A Hard Way to Die: Three Novellas
Description
$22.95
ISBN 0-9682522-8-1
DDC C813'.54
Author
Publisher
Year
Contributor
Matt Hartman is a freelance editor and cataloguer, running Hartman Cataloguing, Editing and Indexing Services.
Review
The three novellas in this book display abundant verve but a
corresponding lack of skill. Hewitt’s style is to ramble on with his
story, piling incident on incident, while ignoring such niceties as
characterization, dialogue, and plot nuances. The title story is
basically one of revenge. A father and an uncle track down a biker gang
called Satan’s Servants. Gang members have such clichéd names as
Sonny Barker, Black, Morrow, Big Al, and Beanie. Morrow, Hewitt writes,
“took his name from ‘tomorrow’ because business could always
wait.” Barker is the leader, a “beefy, muscular man, in his
mid-40’s, with the beginnings of a beer belly that he didn’t try to
hide.” The Servants are responsible for the death of Cassandra, the
young daughter of Charles Band and his wife, Tricia.

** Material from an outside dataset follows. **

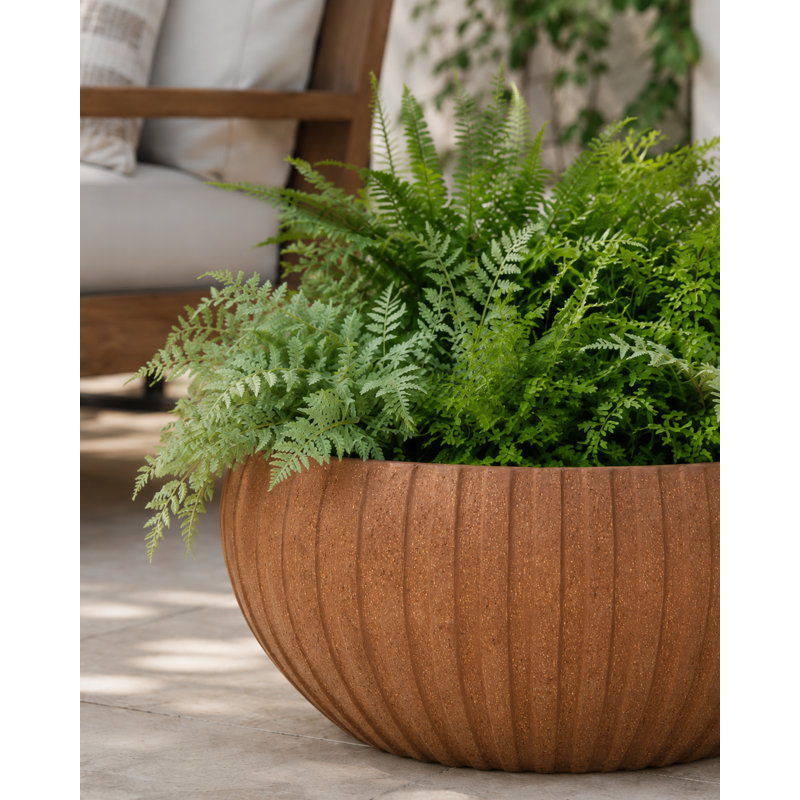 40 po. Bol Cirque - argile naturelle, 12" H x 24" W x 24" D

In “Hunter,” the second story, a group of hunters on an African
safari are stalked and attacked by a group of anthropomorphized hyenas:
“They were many,” thinks the leader of the large pack. “And the
men-things were so few.” This story is a credit, if anything, to
Hewitt’s evident delight in the macabre, as first animals and then
people are attacked, killed, and eaten.
“Dictum,” is the story of an ex-con released into a not-so-nice
world. Its characters are pure caricatures. A man is “built like a
bulldog with a bad-ass crew cut and a scar above his left eye he took
some years back while fulfilling a contract.” Another has hair “that
looks artificially black, as if it’s been dyed too much for his age
... with deep grooves in his leathery skin and furrows in his forehead
that make it look like he’s lived a hard life.” Hewitt must learn to
tone down his style and use language for more than merely exposition.